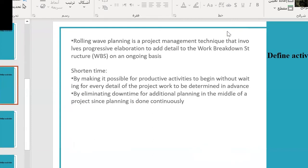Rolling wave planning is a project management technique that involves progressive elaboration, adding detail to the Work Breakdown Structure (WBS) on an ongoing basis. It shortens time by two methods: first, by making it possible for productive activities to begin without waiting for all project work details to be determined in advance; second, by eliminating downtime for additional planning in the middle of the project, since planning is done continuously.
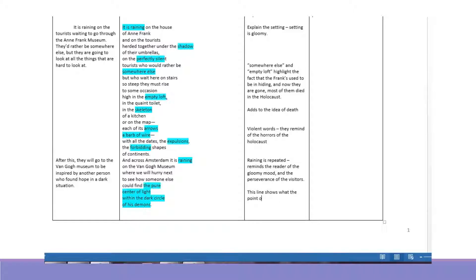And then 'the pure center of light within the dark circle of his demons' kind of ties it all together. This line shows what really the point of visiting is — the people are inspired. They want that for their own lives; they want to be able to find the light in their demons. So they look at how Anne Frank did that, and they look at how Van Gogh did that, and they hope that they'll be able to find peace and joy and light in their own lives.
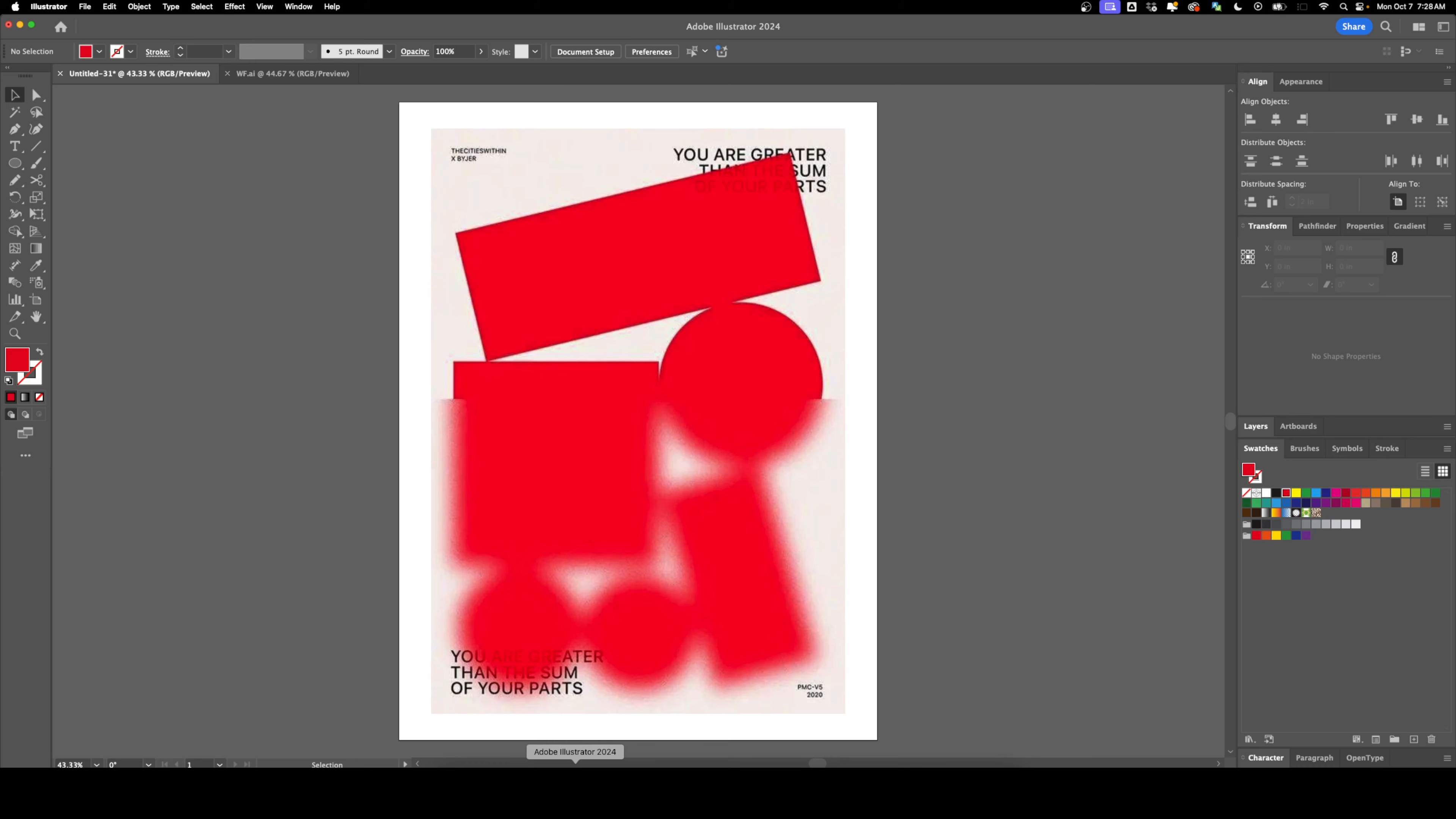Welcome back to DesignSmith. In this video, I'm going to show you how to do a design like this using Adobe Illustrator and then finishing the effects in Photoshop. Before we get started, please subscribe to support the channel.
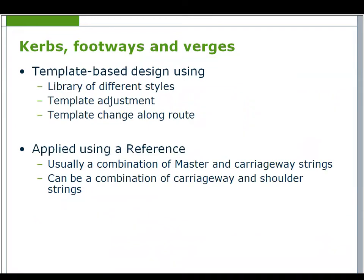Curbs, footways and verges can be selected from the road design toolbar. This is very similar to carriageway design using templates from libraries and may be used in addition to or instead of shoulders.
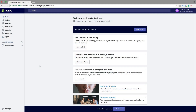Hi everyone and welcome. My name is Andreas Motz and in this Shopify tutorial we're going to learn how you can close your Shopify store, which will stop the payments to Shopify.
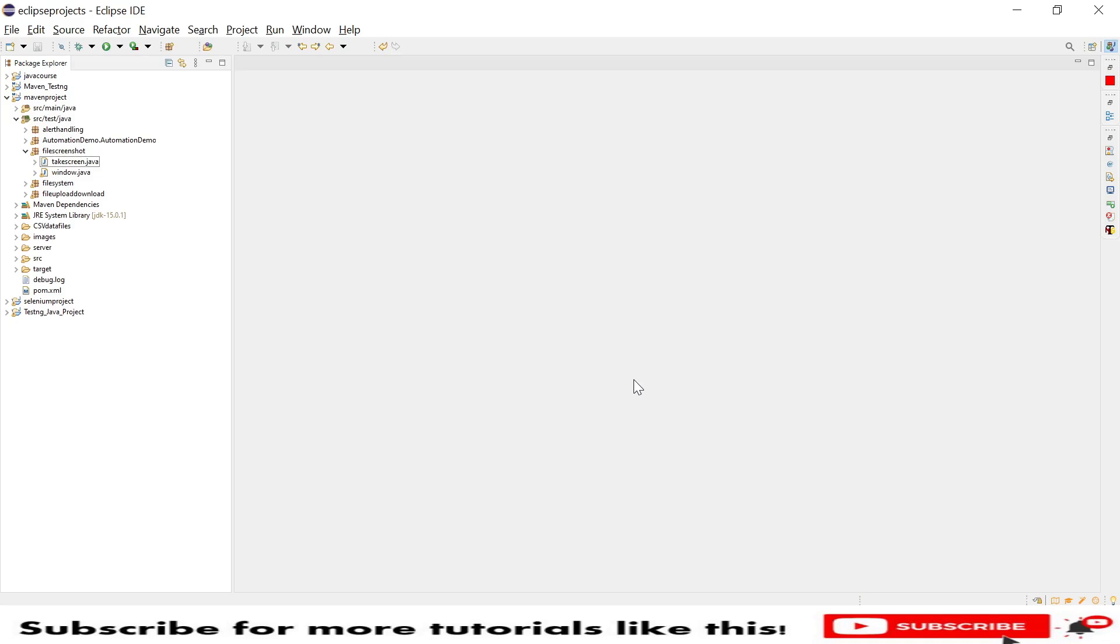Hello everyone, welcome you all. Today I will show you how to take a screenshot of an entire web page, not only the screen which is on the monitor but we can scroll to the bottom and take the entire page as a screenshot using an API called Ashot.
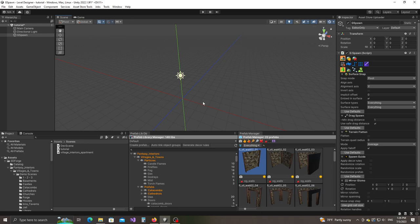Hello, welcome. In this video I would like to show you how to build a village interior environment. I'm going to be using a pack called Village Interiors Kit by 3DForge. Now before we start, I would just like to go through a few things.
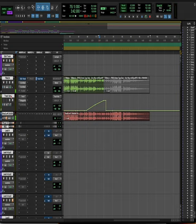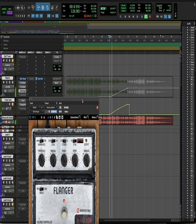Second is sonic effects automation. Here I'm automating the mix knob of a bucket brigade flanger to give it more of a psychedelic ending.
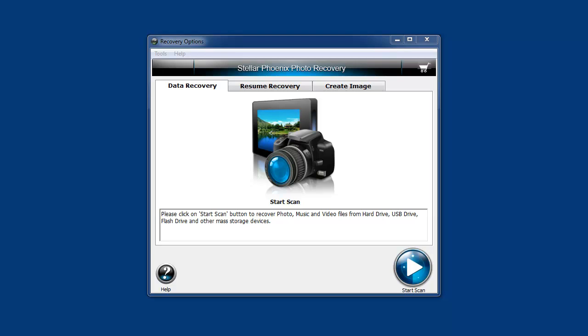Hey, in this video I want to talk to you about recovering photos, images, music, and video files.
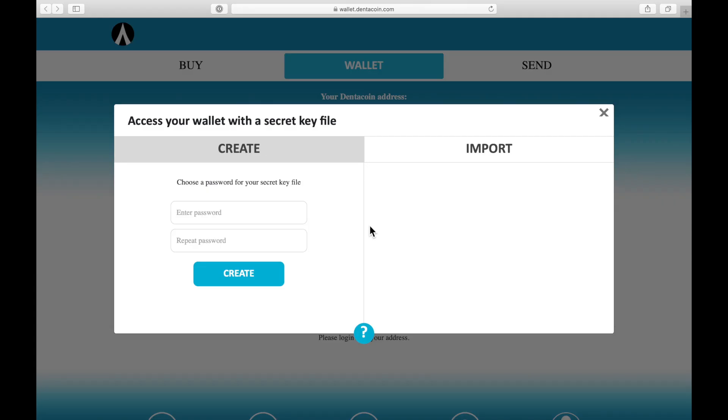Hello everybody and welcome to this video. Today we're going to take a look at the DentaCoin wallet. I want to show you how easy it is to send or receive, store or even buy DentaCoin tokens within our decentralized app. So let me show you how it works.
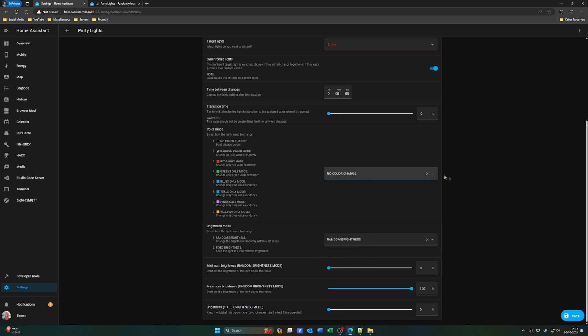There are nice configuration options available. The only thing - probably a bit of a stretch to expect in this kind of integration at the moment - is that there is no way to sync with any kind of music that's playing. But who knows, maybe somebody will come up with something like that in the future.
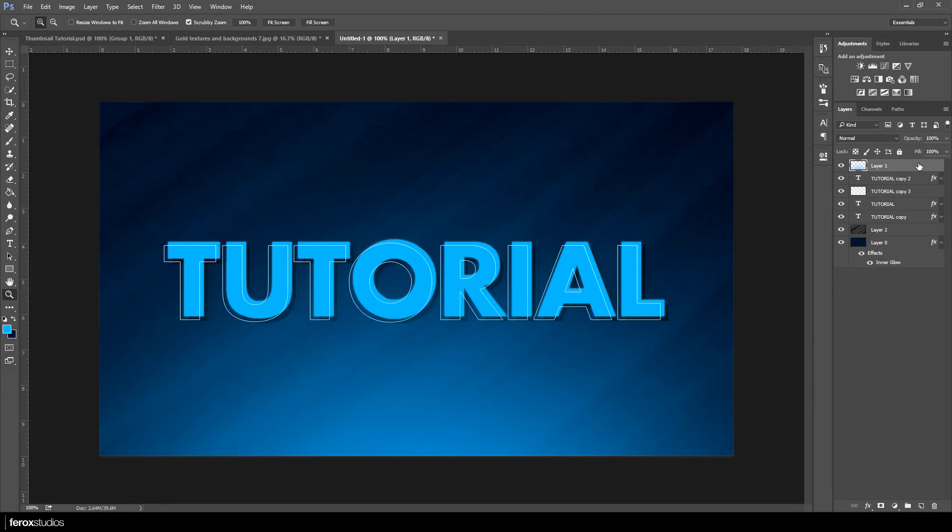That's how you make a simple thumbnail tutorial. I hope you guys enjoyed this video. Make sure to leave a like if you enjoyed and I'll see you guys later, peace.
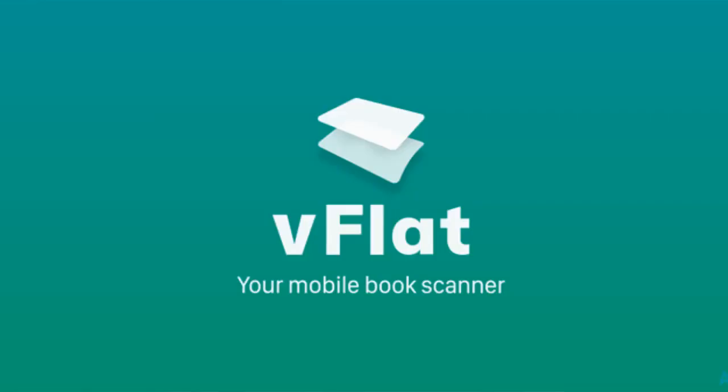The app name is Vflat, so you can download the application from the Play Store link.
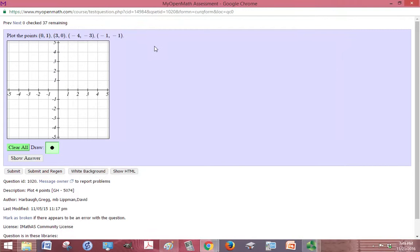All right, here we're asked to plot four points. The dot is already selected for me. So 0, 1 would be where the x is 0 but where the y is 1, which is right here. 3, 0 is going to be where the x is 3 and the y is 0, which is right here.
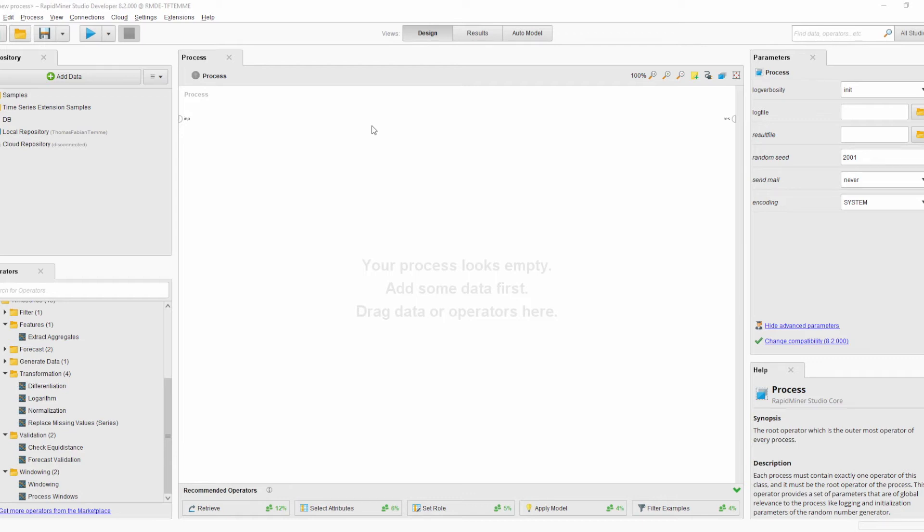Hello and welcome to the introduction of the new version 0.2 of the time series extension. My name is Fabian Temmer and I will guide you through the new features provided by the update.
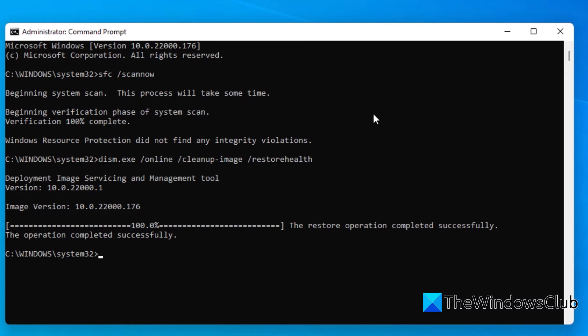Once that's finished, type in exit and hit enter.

To do - Output the listing exactly. Leave out any image.

Expected output -
Rolling wave planning is a project management technique that involves progressive elaboration, adding detail to the Work Breakdown Structure (WBS) on an ongoing basis. It shortens time by two methods: first, by making it possible for productive activities to begin without waiting for all project work details to be determined in advance; second, by eliminating downtime for additional planning in the middle of the project, since planning is done continuously.
And then 'the pure center of light within the dark circle of his demons' kind of ties it all together. This line shows what really the point of visiting is — the people are inspired. They want that for their own lives; they want to be able to find the light in their demons. So they look at how Anne Frank did that, and they look at how Van Gogh did that, and they hope that they'll be able to find peace and joy and light in their own lives.
Welcome back to DesignSmith. In this video, I'm going to show you how to do a design like this using Adobe Illustrator and then finishing the effects in Photoshop. Before we get started, please subscribe to support the channel.
Curbs, footways and verges can be selected from the road design toolbar. This is very similar to carriageway design using templates from libraries and may be used in addition to or instead of shoulders.
Hi everyone and welcome. My name is Andreas Motz and in this Shopify tutorial we're going to learn how you can close your Shopify store, which will stop the payments to Shopify.
Hello everyone, welcome you all. Today I will show you how to take a screenshot of an entire web page, not only the screen which is on the monitor but we can scroll to the bottom and take the entire page as a screenshot using an API called Ashot.
Hello, welcome. In this video I would like to show you how to build a village interior environment. I'm going to be using a pack called Village Interiors Kit by 3DForge. Now before we start, I would just like to go through a few things.
Second is sonic effects automation. Here I'm automating the mix knob of a bucket brigade flanger to give it more of a psychedelic ending.
Hey, in this video I want to talk to you about recovering photos, images, music, and video files.
Hello everybody and welcome to this video. Today we're going to take a look at the DentaCoin wallet. I want to show you how easy it is to send or receive, store or even buy DentaCoin tokens within our decentralized app. So let me show you how it works.
There are nice configuration options available. The only thing - probably a bit of a stretch to expect in this kind of integration at the moment - is that there is no way to sync with any kind of music that's playing. But who knows, maybe somebody will come up with something like that in the future.
That's how you make a simple thumbnail tutorial. I hope you guys enjoyed this video. Make sure to leave a like if you enjoyed and I'll see you guys later, peace.
The app name is Vflat, so you can download the application from the Play Store link.
All right, here we're asked to plot four points. The dot is already selected for me. So 0, 1 would be where the x is 0 but where the y is 1, which is right here. 3, 0 is going to be where the x is 3 and the y is 0, which is right here.
Hello and welcome to the introduction of the new version 0.2 of the time series extension. My name is Fabian Temmer and I will guide you through the new features provided by the update.
Once that's finished, type in exit and hit enter.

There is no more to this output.